Currently, junior high students in the district start the day at 7:40 a.m., and high school students begin at 7:05. The American Academy of Pediatrics recommends a start time of 8:30 a.m. or later for adolescents, citing a body of research indicating too early a start time is a prime culprit in teen sleep deprivation, which negatively affects physical and mental health — and, crucially, school performance.

“We all get the idea that the start time is too early,” Scanlon said, adding later that in his 31 years working in education, “I’ve witnessed the impact of health issues on children, [including] drugs and alcohol. This is one of them, and this is something we need to address.”

But getting secondary start times past the 8 a.m. mark is complicated due to tiered busing. Currently, the district’s fleet of 47 buses transports students in four waves, starting with the first high school pickup at 6:10 a.m., and ending with the last drop-offs at Arrowhead, Setauket and Mount elementary schools, which start at 9:25 a.m.

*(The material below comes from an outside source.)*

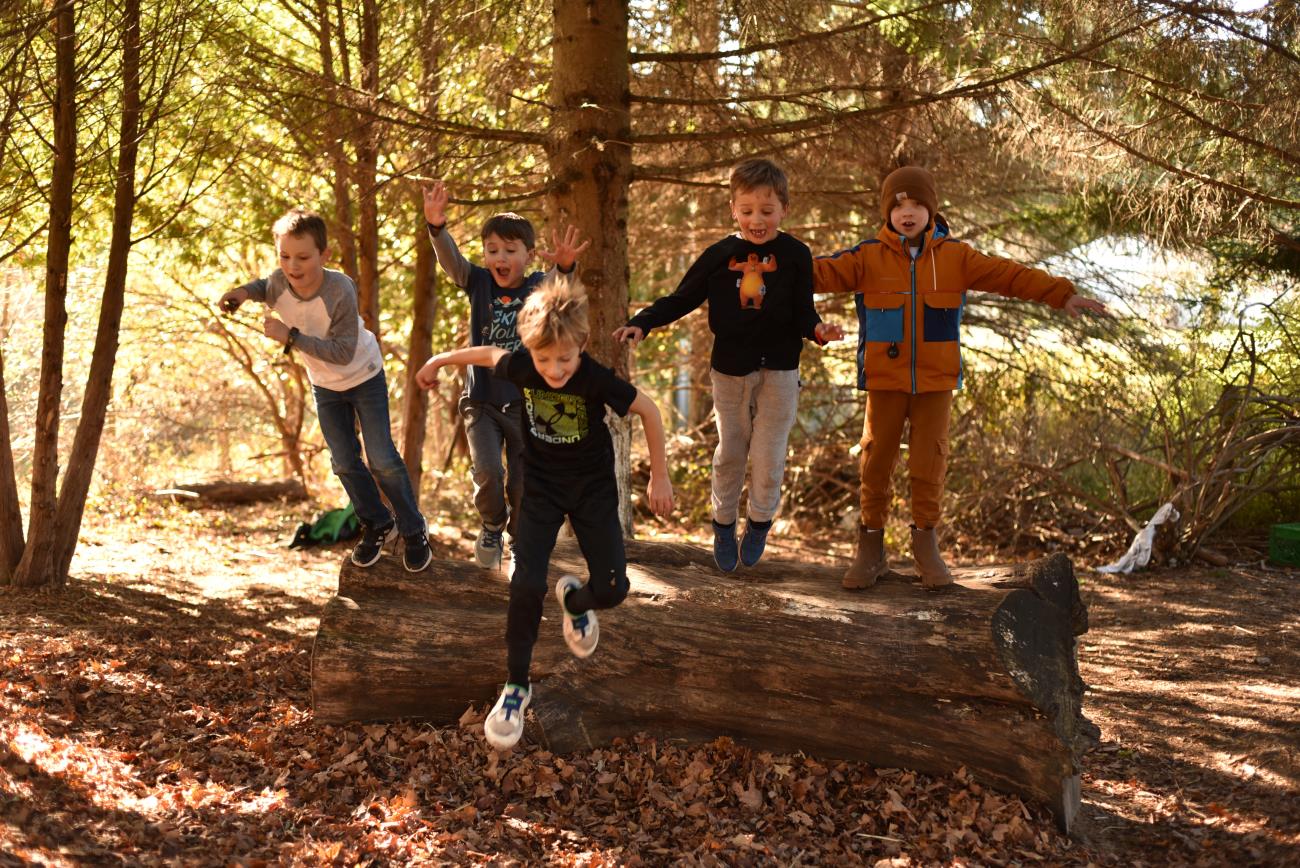 Elementary boys playing outside, jumping off a log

Carlson told the subcommittee he would welcome additional schedule configuration proposals but clarified that Ward Melville High School can’t simply switch start times with the late elementary schools because its Section XI sports league requires participating schools to end by 3 p.m. And starting all schools closer to the same time would require additional buses.

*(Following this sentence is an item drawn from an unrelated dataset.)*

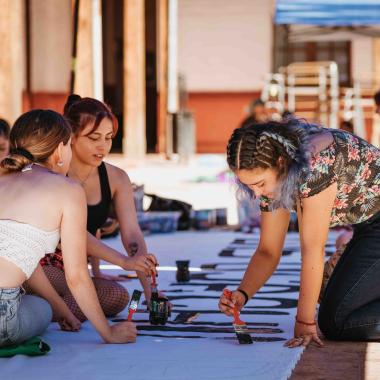 Tres mujeres pintando una consigna en un lienzo blanco con brochas y pintura negra en el piso de la Escuela de Artes y Oficios.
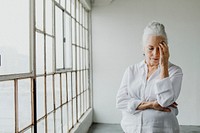 Stress senior woman standing by the window in a white room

The other issues currently facing the school board — proposals to reconfigure elementary schools, move ninth grade to high school and move sixth grade up to form middle schools — could make some room in the budget, as could an idea to convert an existing school into a tuition-based school of the arts.

District parents making public comment at the meeting were passionate in their dislike of the early secondary start times, with one parent calling the start time “vile,” and another comparing it to a dangerous substance, saying if the district knew a substance in the schools was causing anxiety, depression, increased sports injuries and lower test scores, “we wouldn’t balk at spending this money to do something about it, without question.”

Others suggested that the elementary school students who currently start school at 9:25 a.m. could benefit from an earlier start time since younger children tend to wake up earlier, and some families have to arrange day care before school to accommodate work schedules.

District parent Barbara Rosati, who is a Stony Brook University research physiologist and founder of an advocacy group on this issue, expressed gratitude at the meeting that the new board leadership is taking the start times seriously, but is frustrated that changes have not been prioritized in the budget up until this point.

“What we are seeing here are costs necessary to keep our kids healthy,” Rosati told the subcommittee. “Whatever we don’t do, our kids’ health is going to keep suffering.” 

Scanlon, who took the helm of Three Village district last summer, emphasized that any changes the board approves would be, at the earliest, for the 2024-25 school year.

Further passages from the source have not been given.